CVR-Lib last update 20 Sep 2009

How to use the Classifiers.

Types of Classifiers

All classifiers follow the same principle. First, they are trained using some kind of training data. The trained classifier can then be used to classify new data, i.e. to assign the same label to the new data as to the most similar training data.

Three different categories of classifiers exist in the LTI-Lib:

The first category includes all algorithms that are trained without knowing the proper labels or results for each training pattern. Clustering algorithms are included here, although most are not designed for later classifying new data. Supervised classifiers are trained knowing the expected result for each training pattern. They are divided in two groups: sequence classifiers work on time series whereas instance classifiers work on n-dimensional vectors.

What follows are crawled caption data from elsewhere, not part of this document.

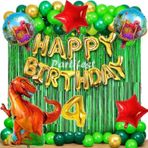 Parti Station Dinazor 4 Yaş Balon Seti Dinosaur Konsept Helyum Balon Set Dinazor Doğum Günü Set
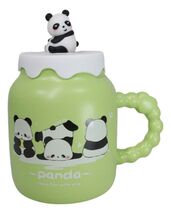Acrobatic Green Panda Bears Green Mug With Anime Panda Figurine Handle Lid - €16,32 EUR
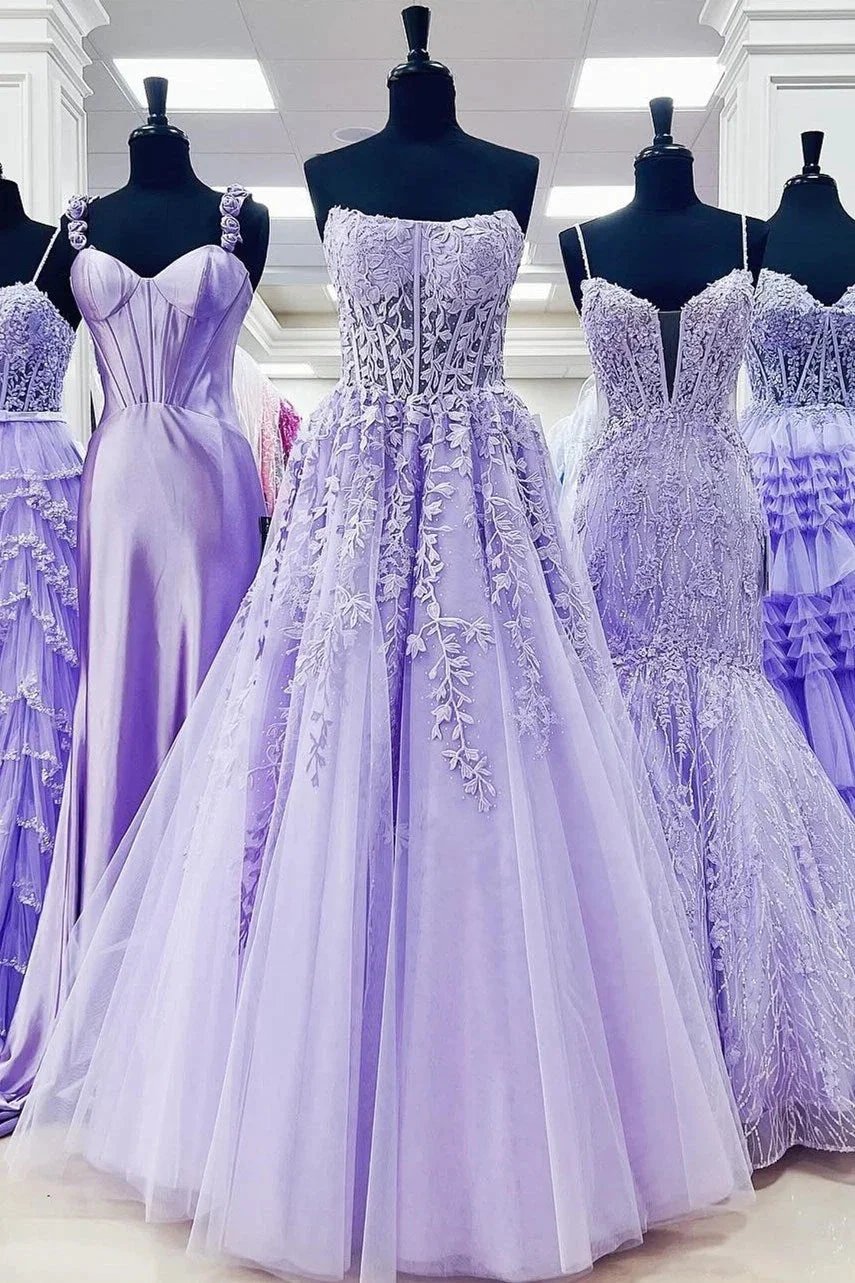 Nell | Aqua Blue Appliques Strapless A-Line Long Prom Dress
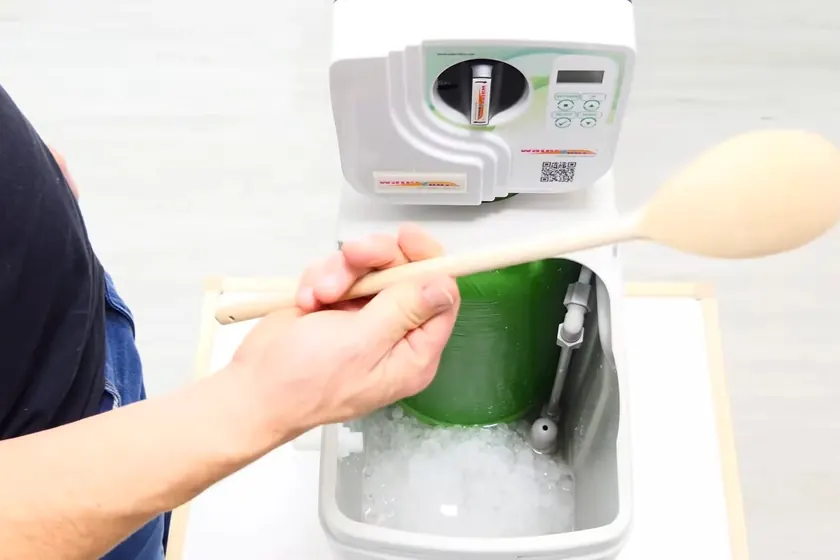 A water softener system is inspected with its brine tank, valve head, or inlet piping visible near Cerritos, CA on Water Filtration Options for Cerritos Central Basin Groundwa
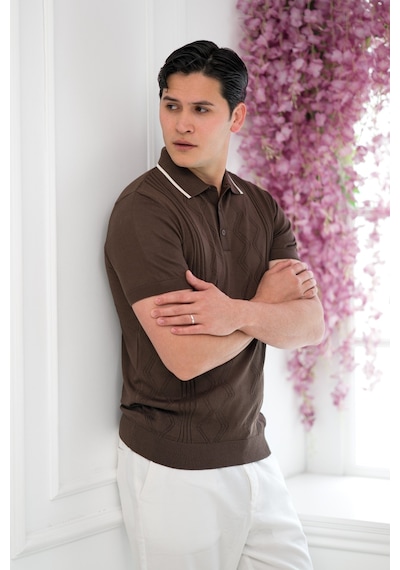 Advante Slimfit Kolları Lastikli Likralı Desenli Polo Yaka Triko T-shirt Kahverengi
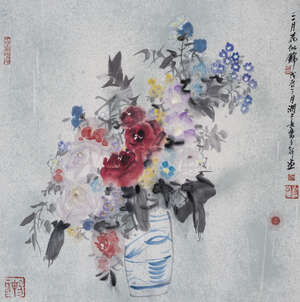 
	
		Liu Guohui  (b.1940), ink and colour on paper, vase with flowers, signed with three...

All classifiers have four essential properties:

The results of the classification are returned in an ouputVector. This object contains labels and corresponding recognition values. These can often be interpreted as probabilities. Section Output Vector gives details about this data structure.

Helper Classes

Progress Objects

The progressInfo object gives information on how many steps an algorithm will take until finished and how many have already been accomplished. Also the name of the classifier is usually given. The following progress infos exist:

Parameters

The parameters of the classifier class define an enumeration eDistanceMeasure which is used to specify which distance is used in the classifier. Options are the L1 and L2 distances.

See also cvr::classifier::parameters.

Output Vector

The output vector is the result of a classification, i.e. calling the classify method of a classifier. It assigns values to the labels. In the case of supervised classifiers these labels where supplied by the user during training. In case of unsupervised classification the classifier usually assigns labels from 0 to C-1 with C the number of classes found.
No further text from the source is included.